Depuis ses premiers travaux, nés d’observations sur le terrain, Roberts décortique « les modèles appliqués en anthropologie politique pour observer et analyser le fonctionnement du système des campagnes algériennes ». Dans les articles réunis ici, il examine entre autres les thèses des deux grands sociologues Gellner et Bourdieu et leur influence sur l’analyse de l’histoire politique et sociale de l’Algérie faites par d’autres ensuite.
En faisant le constat des thèses de Gellner et Bourdieu sur l’organisation politique berbère, celle de la Kabylie en particulier, il démontre le réductionnisme de la sociologie structuraliste, et de la thèse segmentariste.
Roberts revient également sur les routes prises par d’autres spécialistes, comme au sujet de la jema‘a « où l’on a fait croire que c’est une tradition exclusivement kabyle, alors que c’est une tradition que l’on rencontre à travers le pays et même ailleurs », ou certains traitements de la question du « déni identitaire » qui ne prennent pas en compte « qu’il y a eu une évolution patente dans la pratique aussi bien que dans le discours de l’État algérien depuis vingt ans ».
La somme de ces articles constitue une longue réflexion sur deux éléments dominants des analyses d’observateurs, étrangers et algériens, de la structure et de la vie politique algérienne : le rôle des liens de parenté (la généalogie et les liens du sang) et les alliances.
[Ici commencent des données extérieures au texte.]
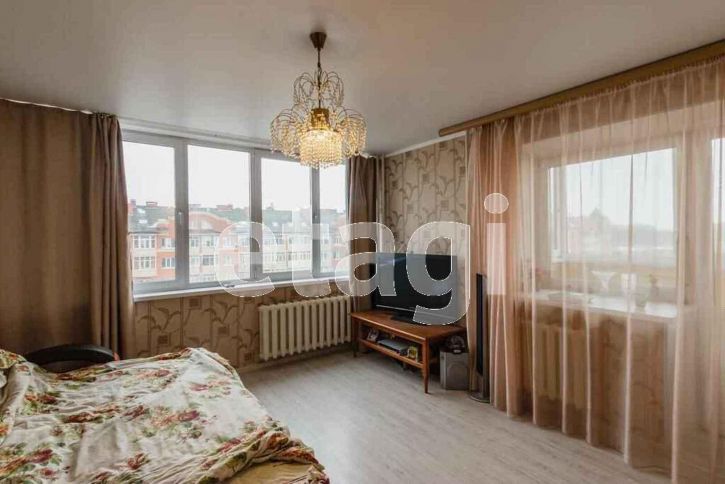 2-комн квартира улица Гагарина, 1б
Ces aspects souvent présentés comme les deux éléments clés, garants de cohésion sociale et politique, ont intéressé et continuent d’informer les lectures des sociologues politiques et anthropologues qui s’intéressent à l’Algérie.
Ce que Roberts démontre et la thèse qu’il avance depuis les années 70 est que les liens de sangs et les alliances n’expliquent pas la cohésion politique et sociale en Algérie mais qu’il existe « d’autres principes pour garantir la cohésion que la parenté et l’alliance ». Pour Roberts, ces autres principes sont de nature politique, un facteur fondamental dans l’organisation sociale.
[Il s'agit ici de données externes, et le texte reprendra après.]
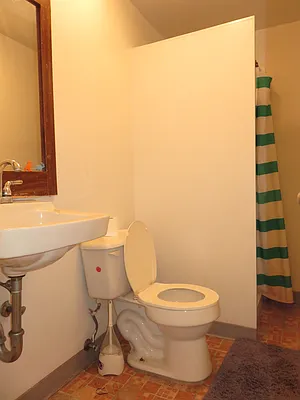 Rented by Rennit Inc. | media 23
Le mouvement de l’opposition et « la faiblesse de l’aile civile de l’élite politique nationale », la crise démocratique en Algérie, l’opacité du système politique, et la question Kabyle, sont les autres grands thèmes en discussion dans cette collection. Des analyses offertes pour informer l’opinion internationale, et qui se veulent aussi « une contribution aux réflexions des acteurs algériens ».
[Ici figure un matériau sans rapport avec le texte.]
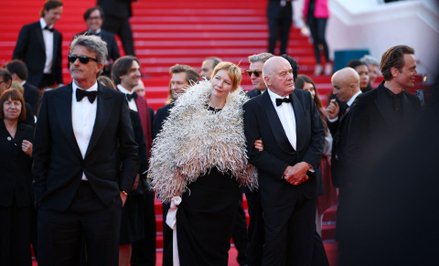 Paweł Pawlikowski, Sandra Huller i Hanns Zischler po pokazie filmu „Ojczyzna” w konkursie 79. Festiw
Analyser la structure d’une société, en dégager les principes selon lesquels elle s’est formée et les structures sur lesquelles elle s’est construite n’est pas qu’un exercice intellectuel. Ce type d’analyses rigoureuses constitue un moyen raisonné de comprendre le cheminement d’une construction politique, et de permettre de « s’émanciper de sa mémoire » pour mieux construire.
Cette collection d’essais s’ouvre sur « les prémisses historiques d’une libération inachevée » et se termine sur la « philosophie des réformes » des années 20 à nos jours, et chez les précurseurs comme Ibnou Zakri, né en 1853. Une réflexion sur le mouvement réformiste algérien à méditer.
« Algérie-Kabylie » de Hugh Roberts, Barzakh, 2014, pp 331.